Simulate earnings data following AR(1) process: y_it = alpha_i + rho * y_{i,t-1} + epsilon_it
Parameters:
-----------
n_individuals : int
Number of individuals
n_periods : int
Number of time periods
rho : float
Autoregressive parameter
sigma_shock : float
Standard deviation of transitory shocks
sigma_intercept : float
Standard deviation of individual-specific intercepts
seed : int, optional
Random seed for reproducibility
Returns:
--------
pd.DataFrame
DataFrame with columns: ['individual_id', 'period', 'earnings', 'shock', 'intercept']
"""
# YOUR CODE HERE
pass
Hints: - Start each individual's earnings from their intercept plus a shock - Use numpy's random number generators - Remember that AR(1) means each period depends on the previous period - Return a long-format DataFrame (one row per individual-period)
Step 3: Manual AR(1) Parameter Estimation
Now we'll estimate the autoregressive parameter ρ using a simple regression approach.
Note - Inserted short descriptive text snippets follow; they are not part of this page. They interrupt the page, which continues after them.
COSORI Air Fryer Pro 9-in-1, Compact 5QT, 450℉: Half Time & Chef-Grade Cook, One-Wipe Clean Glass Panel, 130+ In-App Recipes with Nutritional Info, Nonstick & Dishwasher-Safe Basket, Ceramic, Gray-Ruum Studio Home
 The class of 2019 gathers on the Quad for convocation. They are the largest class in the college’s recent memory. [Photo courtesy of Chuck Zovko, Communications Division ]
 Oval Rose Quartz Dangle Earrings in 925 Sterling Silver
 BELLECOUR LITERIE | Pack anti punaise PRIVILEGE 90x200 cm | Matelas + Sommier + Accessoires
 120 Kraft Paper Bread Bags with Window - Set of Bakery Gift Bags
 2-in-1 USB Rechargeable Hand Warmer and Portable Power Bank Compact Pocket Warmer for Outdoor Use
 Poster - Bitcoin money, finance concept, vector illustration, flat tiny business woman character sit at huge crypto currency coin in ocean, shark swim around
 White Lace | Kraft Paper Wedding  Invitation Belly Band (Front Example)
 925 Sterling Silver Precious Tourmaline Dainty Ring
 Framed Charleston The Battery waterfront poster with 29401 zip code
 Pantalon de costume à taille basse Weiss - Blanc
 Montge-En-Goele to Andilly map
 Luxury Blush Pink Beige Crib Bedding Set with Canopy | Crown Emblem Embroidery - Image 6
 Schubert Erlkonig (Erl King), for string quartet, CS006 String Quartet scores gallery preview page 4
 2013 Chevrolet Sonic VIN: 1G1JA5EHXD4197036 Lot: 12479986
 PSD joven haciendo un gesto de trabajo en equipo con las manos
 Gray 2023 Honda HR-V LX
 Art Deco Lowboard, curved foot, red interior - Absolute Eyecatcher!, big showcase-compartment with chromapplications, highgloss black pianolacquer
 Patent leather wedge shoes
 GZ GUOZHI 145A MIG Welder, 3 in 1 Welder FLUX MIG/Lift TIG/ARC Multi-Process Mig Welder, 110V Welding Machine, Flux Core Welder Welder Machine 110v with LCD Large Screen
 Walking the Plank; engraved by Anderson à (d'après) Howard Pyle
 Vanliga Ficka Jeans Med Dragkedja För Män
Your Task: Implement the following function:
def estimate_rho_manual(df):
"""
Manually estimate rho parameter using least squares regression.
Parameters:
-----------
df : pd.DataFrame
DataFrame with earnings data (from simulate_ar1_earnings)
Returns:
--------
dict
Dictionary containing 'rho_estimate', 'intercept_estimate', 'residuals'
"""
# YOUR CODE HERE
# Steps:
# 1. Create lagged earnings variable
# 2. Drop first period (no lag available)
# 3. Set up X matrix and y vector
# 4. Solve normal equations: beta = (X'X)^(-1) X'y
# 5. Calculate residuals
pass
Key Steps: - Create a lagged earnings variable within each individual - Remove observations where lag is not available - Build the design matrix X with intercept and lagged earnings - Use matrix algebra to solve the normal equations
Step 4: Library-Based Estimation
Your Task: Implement using a statistical library:
def estimate_rho_library(df):
"""
Estimate rho using a statistical library (e.g., statsmodels or sklearn).
Parameters:
-----------
df : pd.DataFrame
DataFrame with earnings data
Returns:
--------
dict
Dictionary containing estimation results including standard errors
"""
# YOUR CODE HERE
pass
Step 5: Apply Estimators to Simulated Data
Your Task: Test your estimators:
# Generate test data
np.random.seed(42)
true_params = {'rho': 0.7, 'sigma_shock': 0.3, 'sigma_intercept': 0.5}
sim_data = simulate_ar1_earnings(
n_individuals=1000,
n_periods=10,
**true_params
)
# Apply both estimators
manual_results = estimate_rho_manual(sim_data)
library_results = estimate_rho_library(sim_data)
# Compare results
print(f"True rho: {true_params['rho']}")
print(f"Manual estimate: {manual_results['rho_estimate']:.4f}")
print(f"Library estimate: {library_results['rho_estimate']:.4f}")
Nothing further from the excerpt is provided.